Una cittadina albanese di 44 anni, residente nel Grossetano e condannata in primo grado per terrorismo, è stata espulsa dall’Italia perché ritenuta vicina all’estremismo islamico
È stata espulsa con accompagnamento alla frontiera, in quanto ritenuta pericolosa per la sicurezza dello Stato Arta Kacabuni, alias Anila, cittadina albanese 44enne condannata in primo grado per il reato di partecipazione ad associazione con finalità di terrorismo.
In Italia dal 2003, residente in provincia di Grosseto, la donna insieme al fratello (arrestato ed espulso all’atto della sua scarcerazione nel maggio 2018 per motivi di sicurezza dello Stato) si occupava di reclutare adepti alla causa dell’Isis.
Il suo ruolo era emerso nell’ambito dell’indagine “Martese”, svolta dalla Digos toscana e da quella di Milano, che il 1° luglio 2015 portò all’esecuzione di 10 ordinanze di custodia cautelare nei confronti di altrettanti estremisti islamici in relazione alla loro documentata adesione allo Stato Islamico e agli ideali del terrorismo di matrice jihadista.
In particolare, la donna aveva contribuito al percorso di radicalizzazione e instradamento verso la Siria di Maria Giulia Sergio, islamizzata con il nome Fatima, tutt’ora presente in quell’area geografica, dove è andata nel settembre 2014 insieme al marito, l’albanese Aldo Kobuzi, per unirsi alle milizie dell’Isis.

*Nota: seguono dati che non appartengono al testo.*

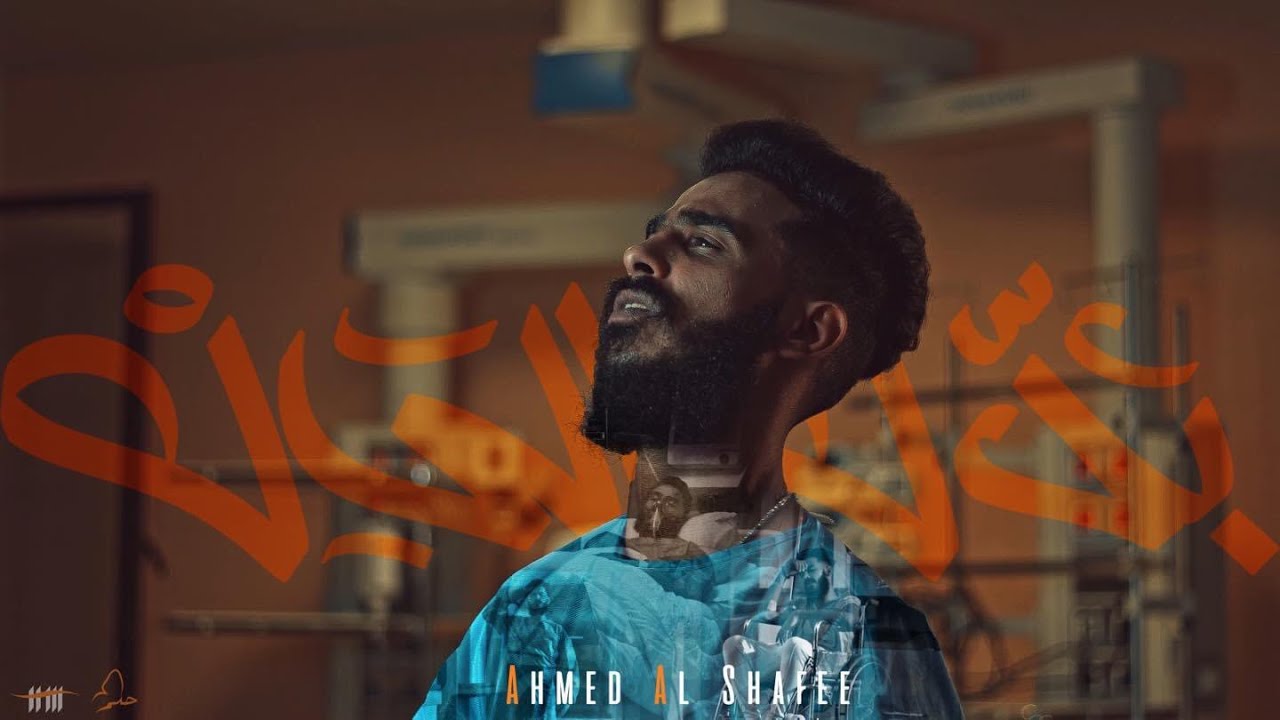 Ahmed Alshafee@SH3FA.  - Badel El7al (Official Music Video 4K) احمد الشعافي - بدل الحال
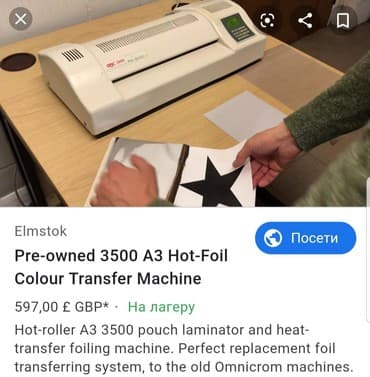 bojler za sudoperu: Abc GBC 3500 pro series iluminator - masina aparat za plastifikaciju — 3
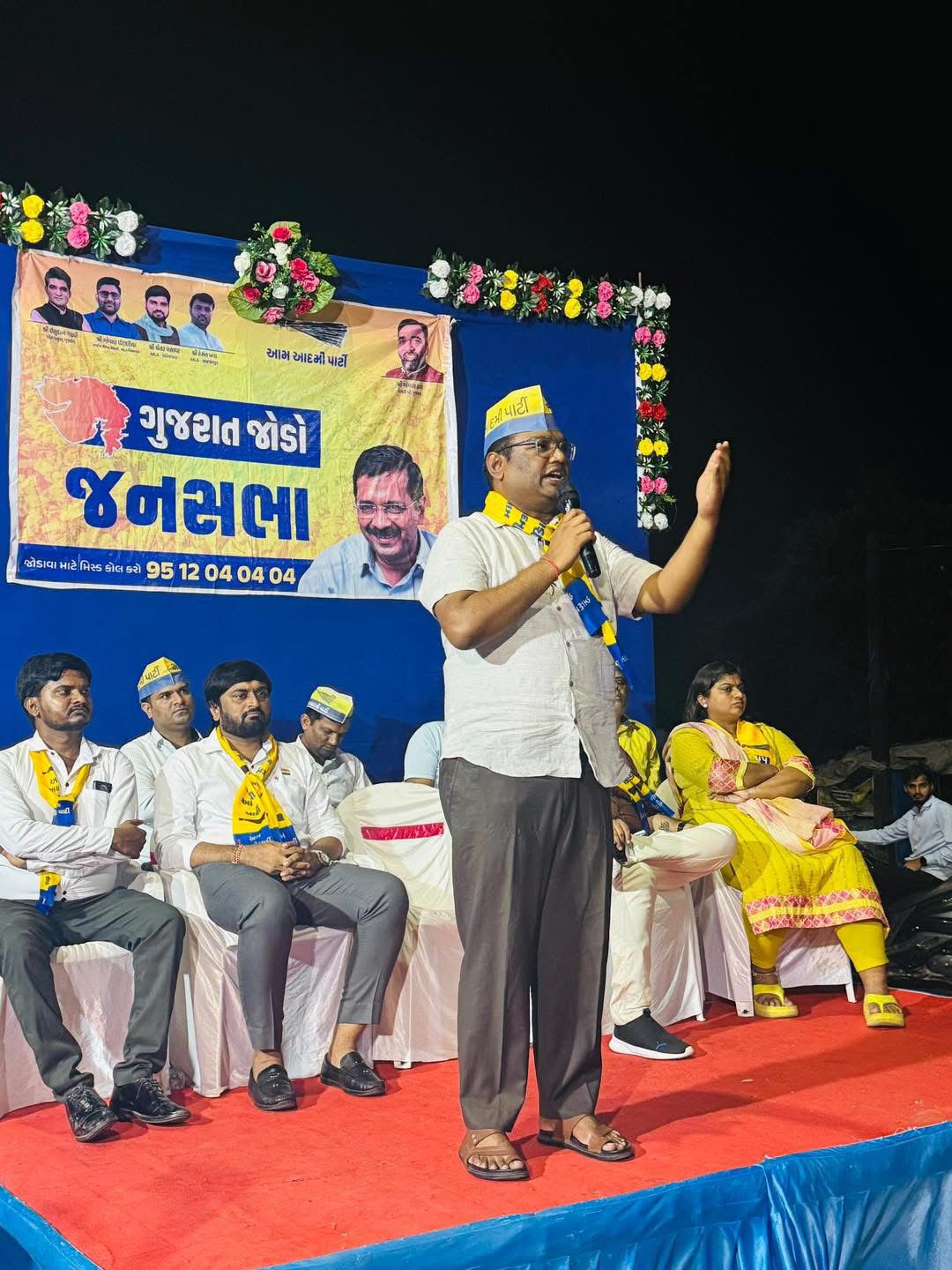 સુરતના ઉત્રાણમાં ગુજરાત જોડો જનસભામાં AAP પ્રદેશ સંગઠન મહામંત્રી મનોજ સોરઠીયાએ ભાજપ પર કર્યા આકરા પ્રહાર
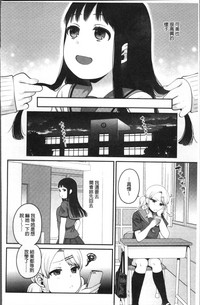 第54页图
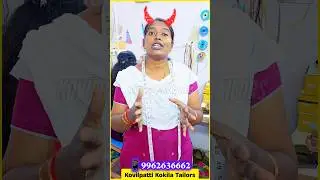 Kovilpatti Kokila Tailors ரொம்ப மோசமாம் ⁉️🤯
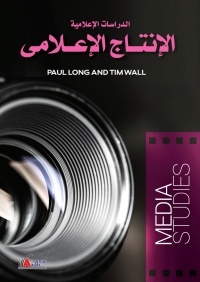 Cover image: الدراسات الإعلامية-الانتاج الاعلامى 1st edition 00985KTAB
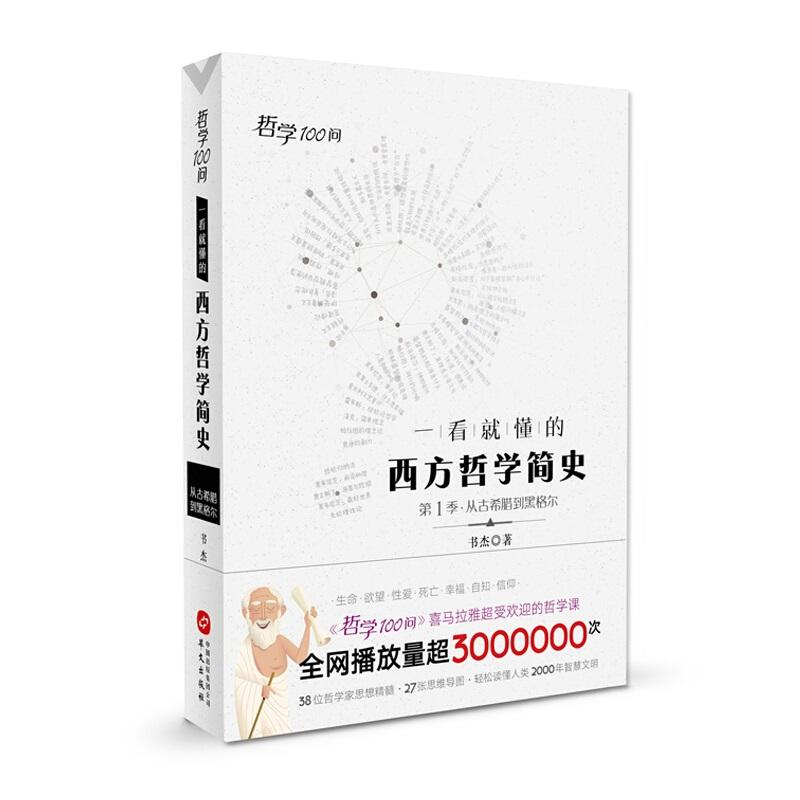 哲學100問 書傑 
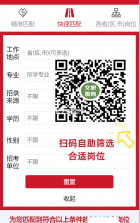 军队文职鸣题库 v2.1.8 下载免费 截图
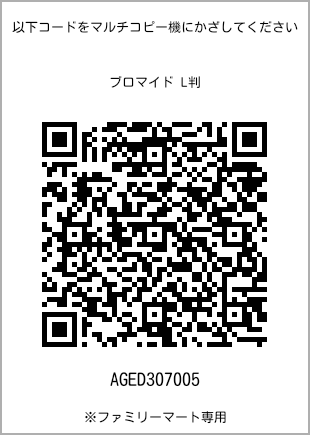 サイズブロマイド L判、プリント番号[AGED307005]のQRコード。ファミリーマート専用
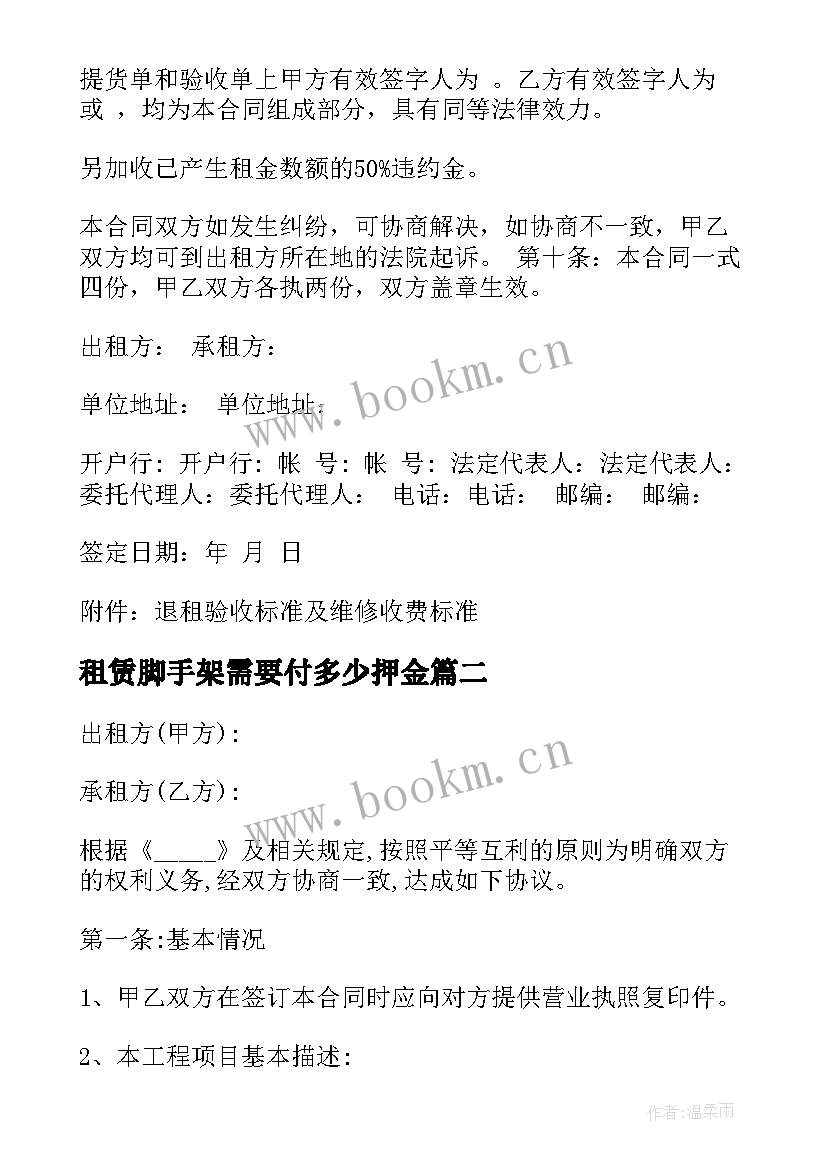 租赁脚手架需要付多少押金 简易脚手架出租合同(精选10篇)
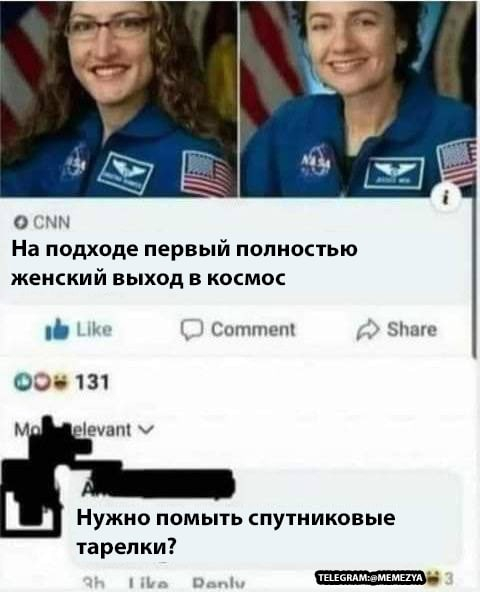 Комментарии...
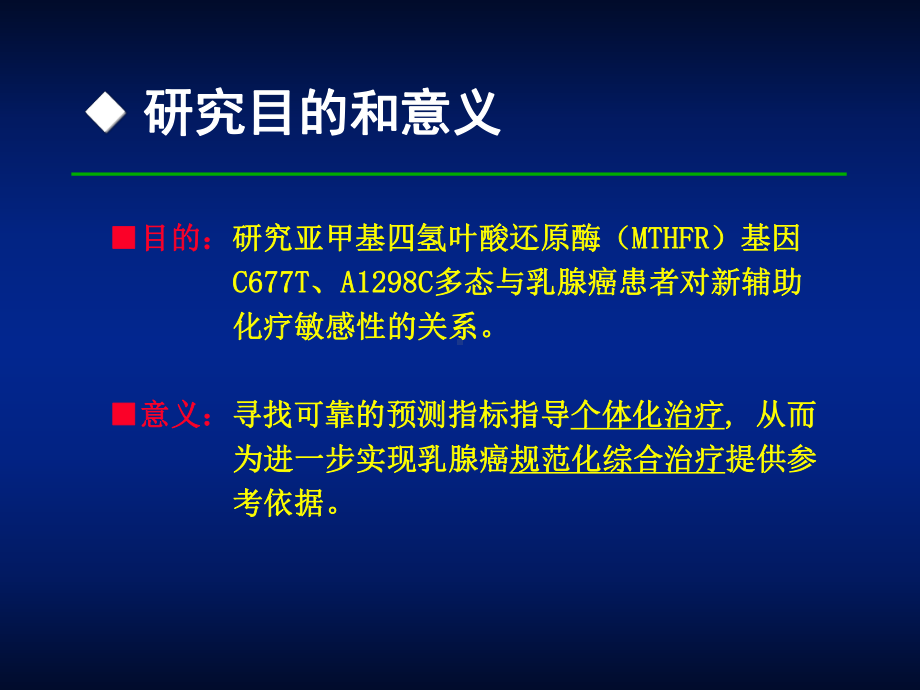 255亚甲基四氢叶酸还原酶基因多态性与乳腺癌新辅助化疗敏感性关系课件.ppt_第3页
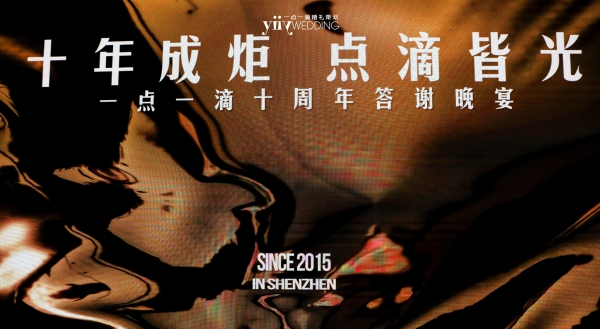 1750661676745948.jpg 001_副本.jpg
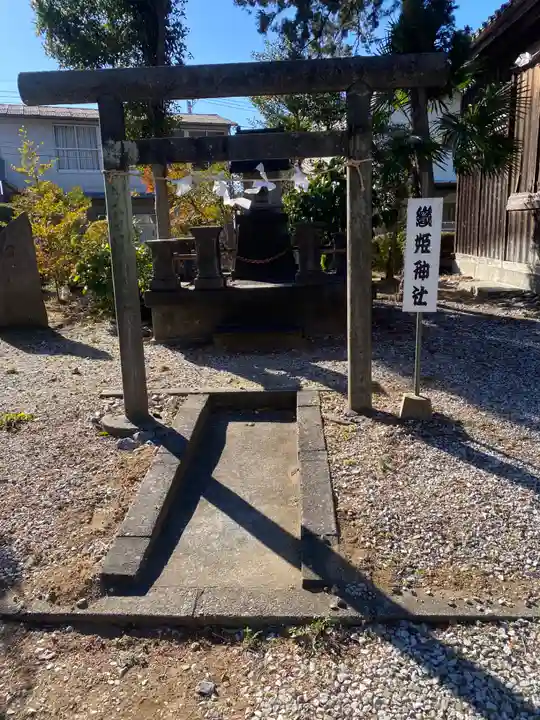 佐野赤城神社(栃木県)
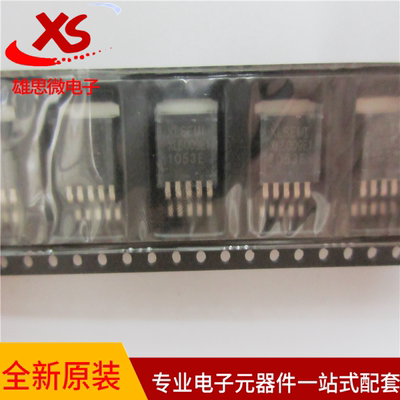 原装正品 XL6009E1 开关电流升压芯片 60V 封装TO263-5L XL6019E1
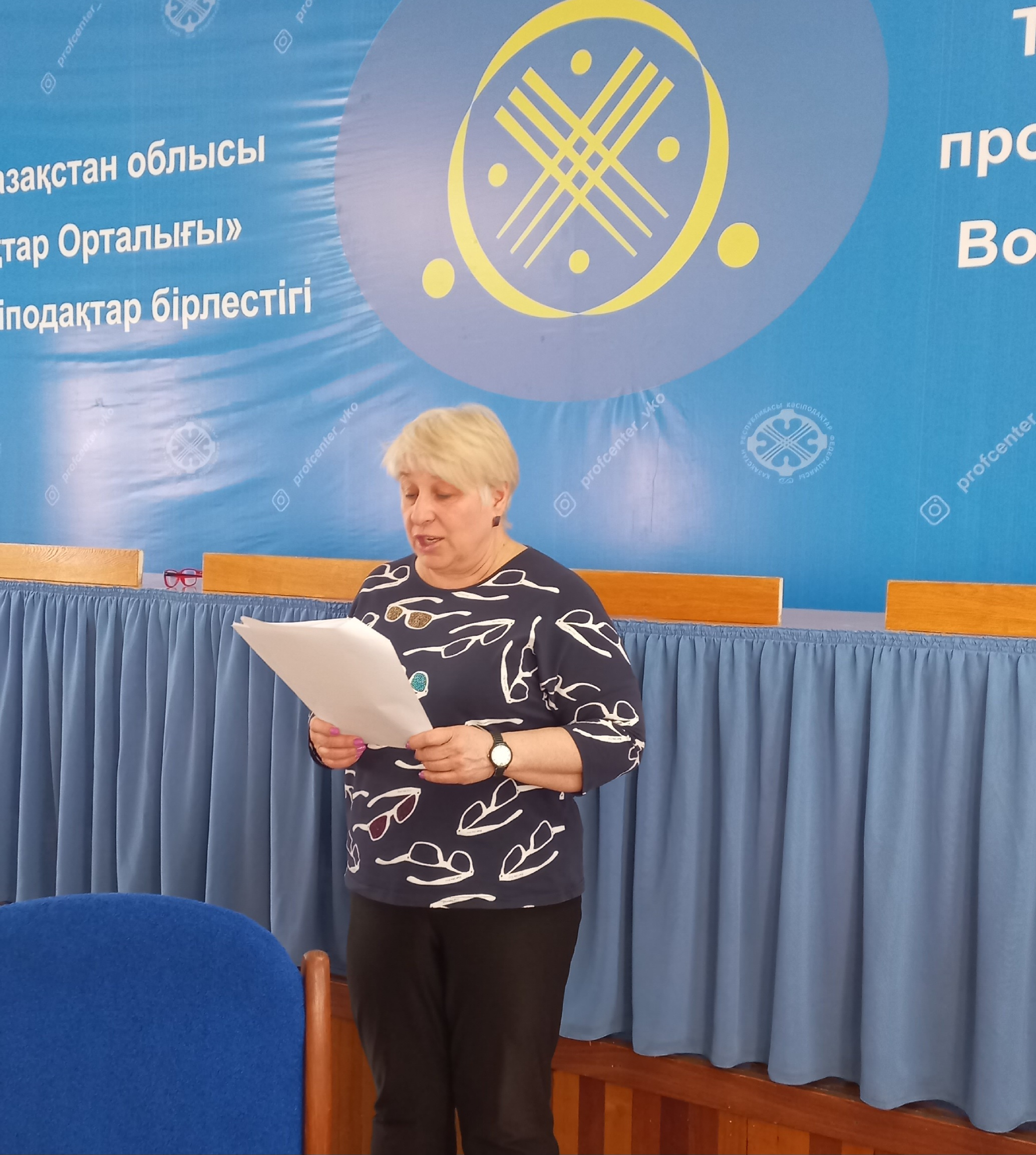 ФИНАНСОВАЯ ДЕЯТЕЛЬНОСТЬ В ПРОФСОЮЗЕ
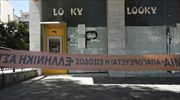 Ληστεία σε χρηματαποστολή στον Καρέα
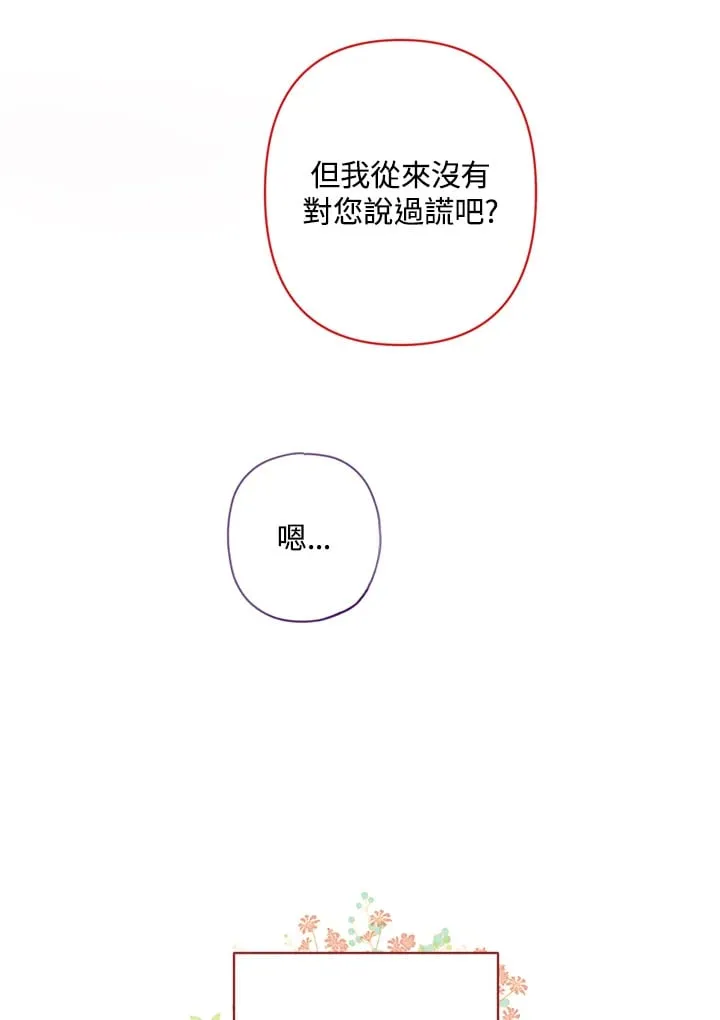 第4话 第46页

Le indagini hanno accertato, inoltre, il suo attivismo nel convincere altre donne dell’éntourage familiare a raggiungere i propri parenti già presenti in territorio siriano, nonché la sua piena approvazione degli attentati compiuti a Parigi nel novembre 2015.
Condannata dal tribunale di Milano, Kacabuni è stata rimessa in libertà il 16 ottobre 2018 ed espulsa dalla frontiera aerea di Roma Fiumicino in esecuzione del decreto emesso dal ministro dell’Interno per motivi di sicurezza dello Stato.
Con questo rimpatrio sono 341 le espulsioni eseguite dal gennaio 2015 ad oggi, 104 delle quali nel 2018.